Now I know what that is. Computational DOF. Interesting.

Along these lines, wasn't there a camera technology that came out last year
that allowed total focus/DOF changes post-image-capture? It looked awesome,
but IIRC, the tech was going to be several years until released.

ADD: Here it is. Would love to see this in stereo 4K:
[http://en.wikipedia.org/wiki/Lytro](http://en.wikipedia.org/wiki/Lytro) The
nice thing about this tech is that in stereo, you should be able to eliminate
the eyeball-focus strain that drives users crazy.

------
anigbrowl
It's interesting that the DoF is calculated in the app.
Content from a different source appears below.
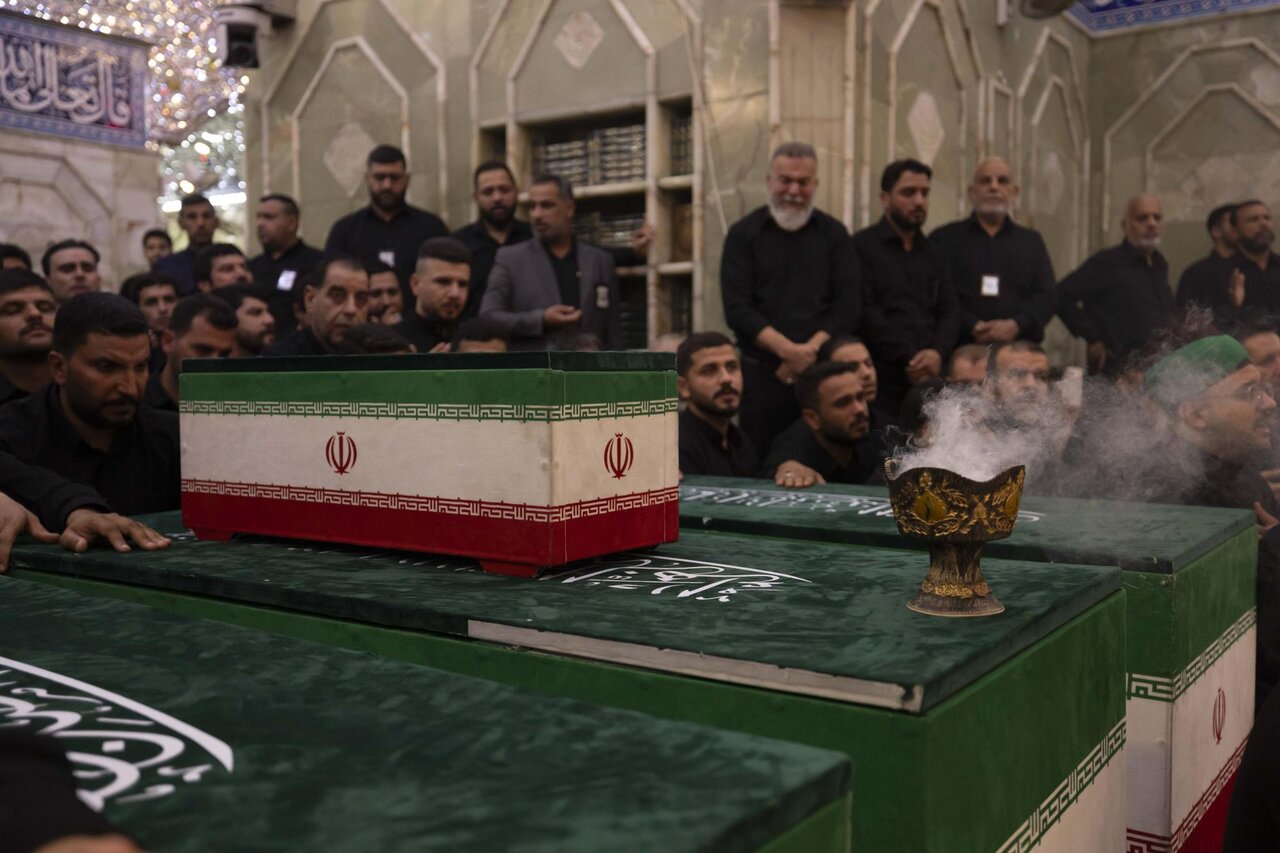 تشییع رهبر شهید در حرم حضرت عباس (ع)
I am wondering if this
uses some known coefficients about smartphone cameras to save computation, but
in any case I hope this depth mapping becomes available in plugin forms for
Photoshop and other users.

As an indie filmmaker, it would save a lot of hassle to be able to shoot at
infinity focus all the time and apply bokeh afterwards; of course an
algorithmic version would likely never get close to what you can achieve with
quality optics, but many situations where image quality is 'good enough' for
artistic purposes (eg shooting with a video-capable DSLR) then faster is
better.

------
panrafal
I've created a parallax viewer for lens blur photos. It's an open source web
app available at [http://depthy.stamina.pl/](http://depthy.stamina.pl/) . It
lets you extract the depthmap, works on chrome with webgl and looks pretty
awesome on some photos. There is quite a few things you can do with this kind
of images, so feel free to play around with the source code on github
[https://github.com/panrafal/depthy](https://github.com/panrafal/depthy)

------
guardian5x
I guess that is exactly the same as Nokias Refocus that is on the Lumia Phones
for quite some time: [https://refocus.nokia.com/](https://refocus.nokia.com/)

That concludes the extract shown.